Yes, we do see statements being canceled from time to time, just not when we experience a lag situation with WALs not being applied. Is it just entirely possible that there is too much work for one of the slaves to do (hence the degraded query throughput we see) that it is unable to apply WALs? In other words, there are no conflicts that occur, but WALs cannot be applied an a timely manner? There's a noticeable pattern that in times of lag, the overall number of slow queries dramatically increases (i.e. from a few hundred to tens of thousands).
1. If SQL statements are getting cancelled time-to-time - then max_standby_*_delay parameters are working as expected and there is no issue with them.
2. You need to look at the lag issue, which can occur for number of other reasons.
How do you come to a conclusion that there is a lag between master and slave ? Did you check the last xlog position on master and slave databases ?

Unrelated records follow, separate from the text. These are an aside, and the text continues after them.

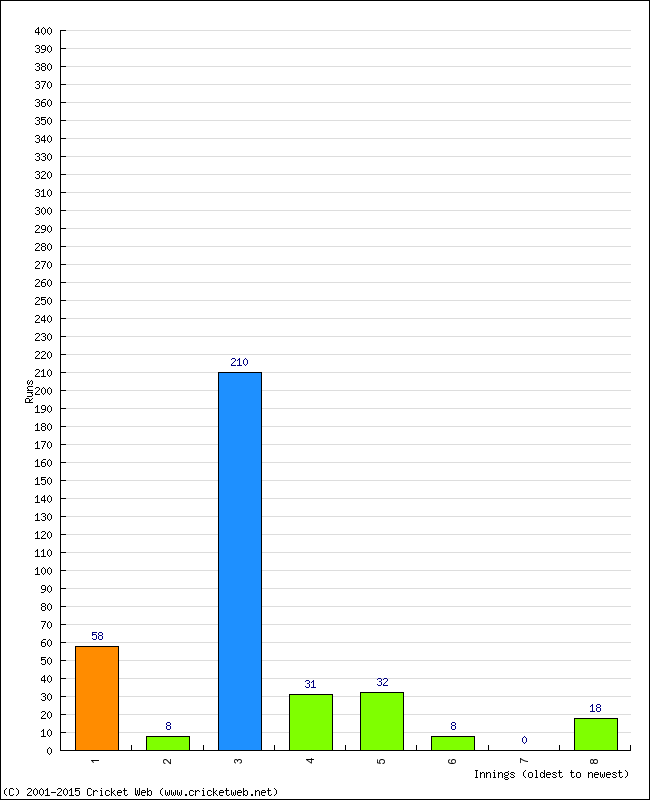 Batting Performance Innings by Innings - Home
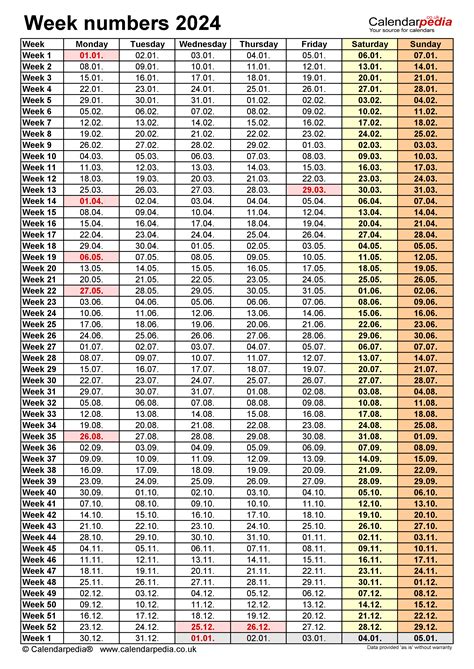 Day Numbers for 2024 Moment Date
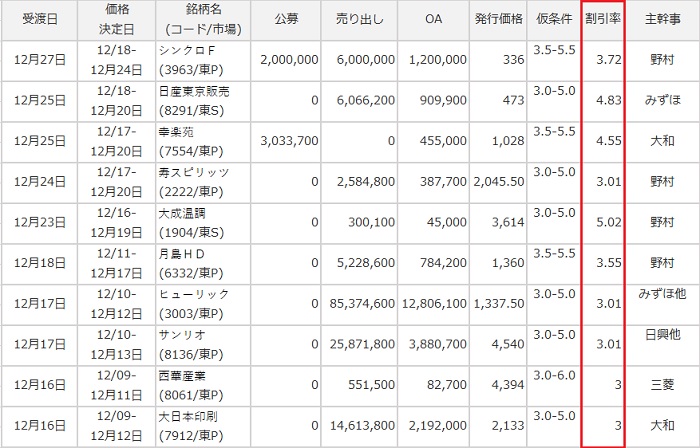 PO(公募増資・売出)で利益を出す方法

Lag occurs even when the load is very high. Do you see any high IO wait on Master or Slave ?
I did not understand when you said "from few hundred to tens of thousands" - These are number of WALs or SQLs you are referring to ?
Do you see any other messages related to lag in Standby logfile (like " WAL archive file not found.. cannot be restored..." etc)
Same is the situation across all the slaves ?
Venkata Balaji N
Sr. Database Administrator
Fujitsu Australia